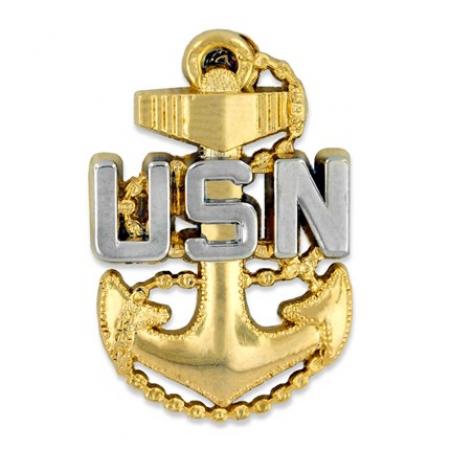Navy Chief Petty Officer Basic Pin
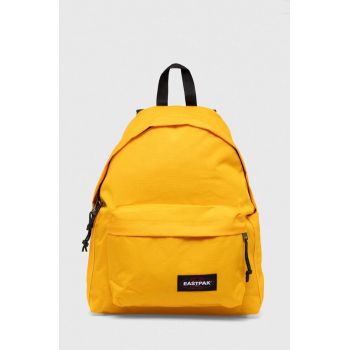 Eastpak rucsac culoarea galben, mare, neted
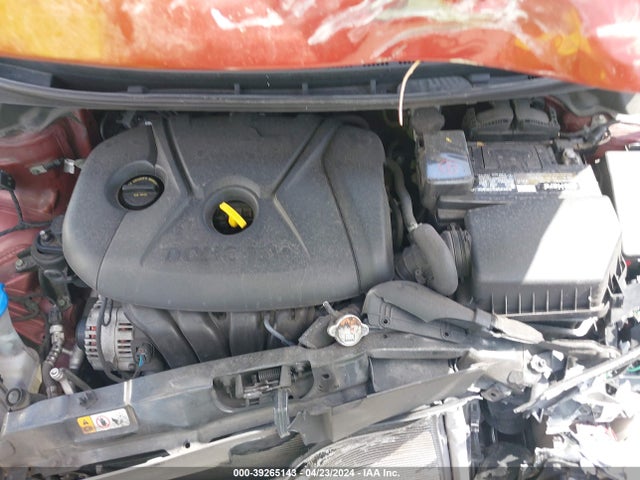 Hyundai ELANTRA SE 2016 5NPDH4AE1GH740066 Image 10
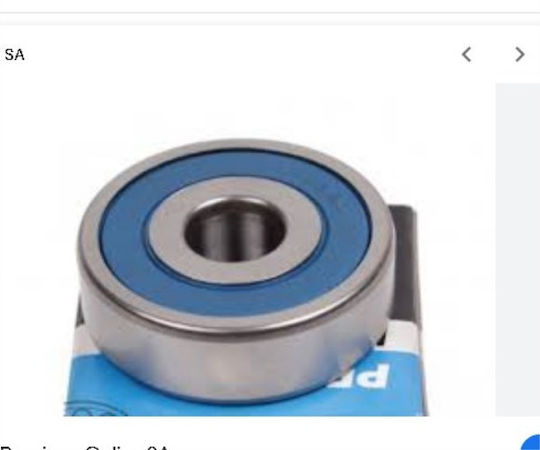 Alternator Bearing Toyota 52-17-16ajb/pfi 949100-3330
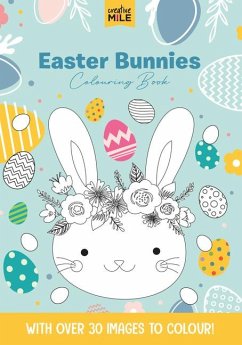 Cover Easter Bunnies Colouring Book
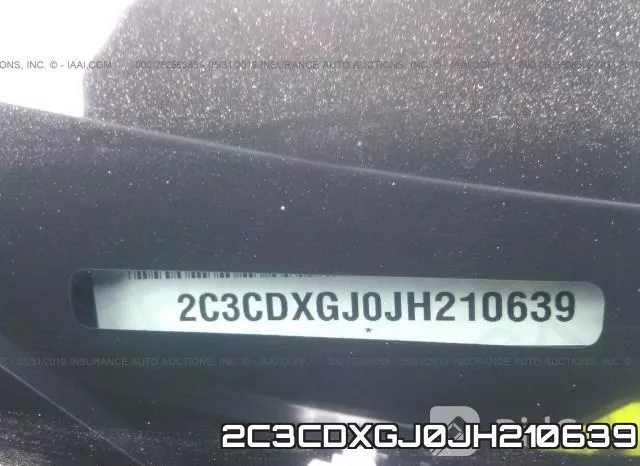 2C3CDXGJ0JH210639 фото 10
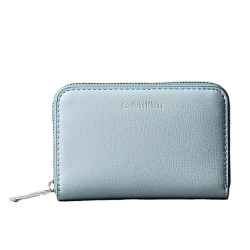Portefeuille Bleu Femme Calvin Klein Jeans Foil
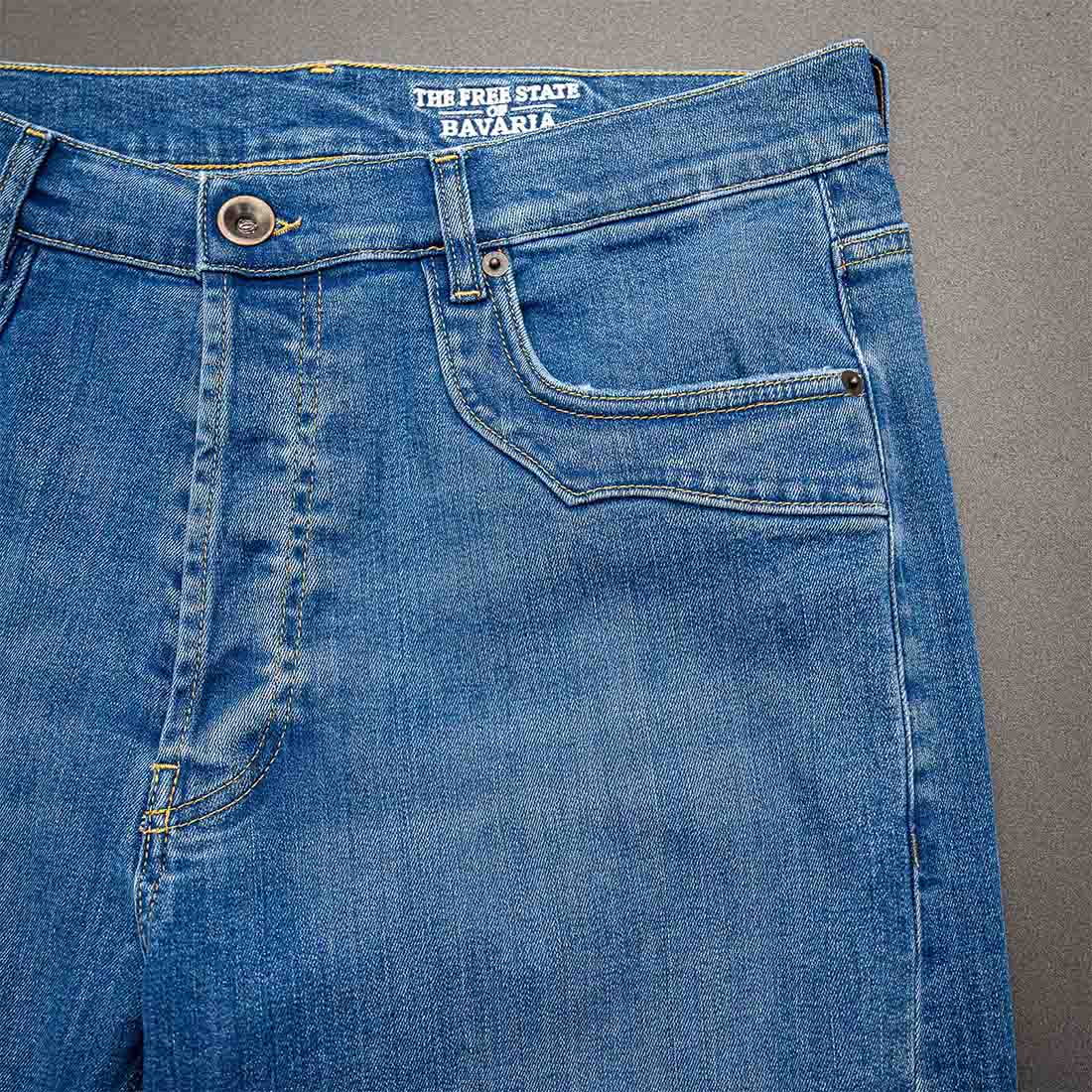 LUDWIG II | Dawn Blue Denim Jeans | THE FREE STATE OF BAVARIA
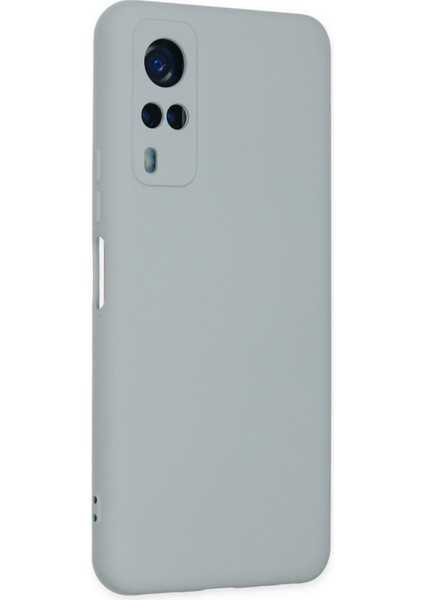 Vivo Y51 Kılıf Lansman Nano Içi Kadife Silikon - Buz Mavisi modelleri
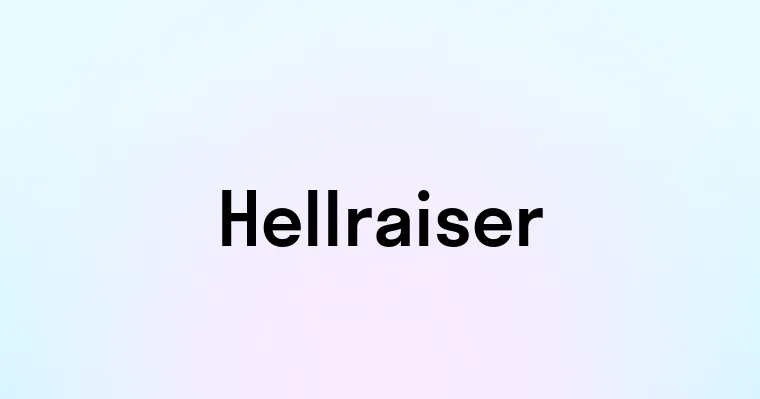 Hellraiser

***

- [WHAT IS EXPECTED] Please copy exactly the lines from the one that contains "Vivo Y51 Kılıf" through the last line of the listing above, leaving out the pictures.

- [RESULT BELOW]
 Vivo Y51 Kılıf Lansman Nano Içi Kadife Silikon - Buz Mavisi modelleri
 Hellraiser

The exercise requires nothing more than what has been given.